I had to add SSO auth to my hobby project before I got my first user, and I got my first user shortly after.

Also, being a hobby project, it doesn't necessarily need to be or desired to be popular right away.

Agreed for most hobby projects. But this one appears, to my read, to be banking on user participation.

[–] agilob@programming.dev 3 points 1 year ago* (last edited 1 year ago) (1 children)

There are two schools:

  1. the best stack is the one you know best
  2. the best stack is the one designed for the job

Remember that Google was written in Python and Java. Facebook in PHP. iOS in Objective-C. GitHub in Ruby on Rails.

[–] ____@infosec.pub 1 points 1 year ago

Appreciate you pointing out those examples - while one could argue errors in judgement, going with what one knows allows for getting stuff done NOW.

Have to say, FB and G examples resonate most with me because while Java is hardly “rapid,” given a well-defined objective I can bang out PHP or Python to accomplish it quickly, and then iterate efficiently.

That was doable long before the idea of iterating quickly / failing big / etc entered the public consciousness.

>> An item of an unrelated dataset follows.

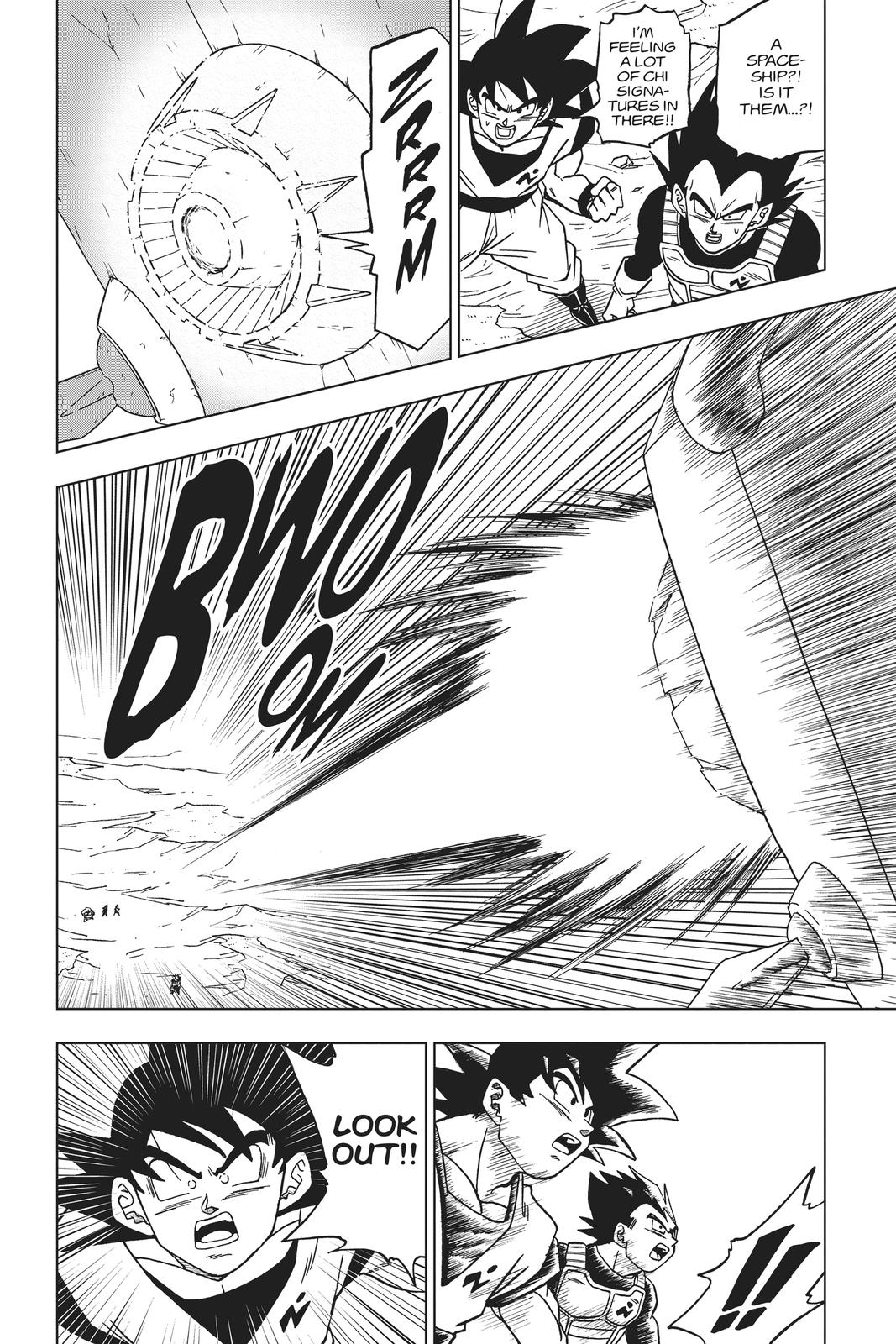 Dragon Ball Super Manga Manga Chapter - 50 - image 16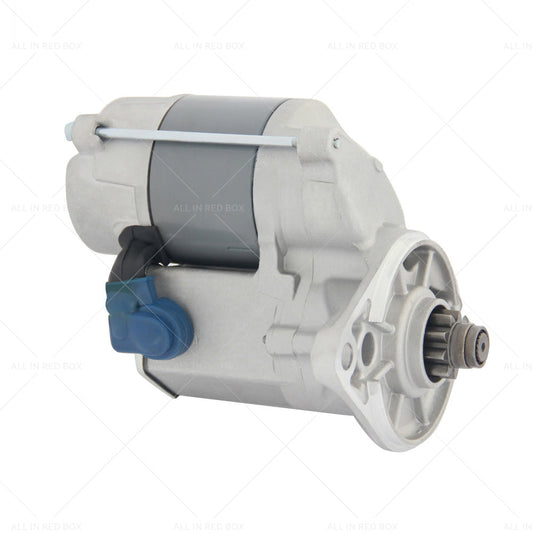 Starter Motor Suitable For Holden Rodeo TF KB 2. 3 2. 6 Jackaroo Shuttle 1982-1992-1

Just not in Java…

[–] ericjmorey@programming.dev 3 points 1 year ago

Get started, make mistakes so you can learn. The best stack is the one you use to build things with. If you want to learn a new tool, use it. Otherwise, use what you're familiar with.

[–] Lmaydev@programming.dev 1 points 1 year ago

No language / framework is going to give you a massive advantage here.

Either stick to what you know best or try out some different ones and see what you like.

My personal favourite is aspnetcore and c#. It provides pretty much everything you need out of the box and has a very large ecosystem for connecting with external services.

[–] neo@lemmy.hacktheplanet.be 1 points 1 year ago

I recommend Ruby on Rails. I am biased with 17 years of professional experience, but it has batteries included, end to end everything you need to build, test and deploy a modern web application. In my opinion Ruby is the most pleasant language to read and write. But try to compare many stacks and see what you like best.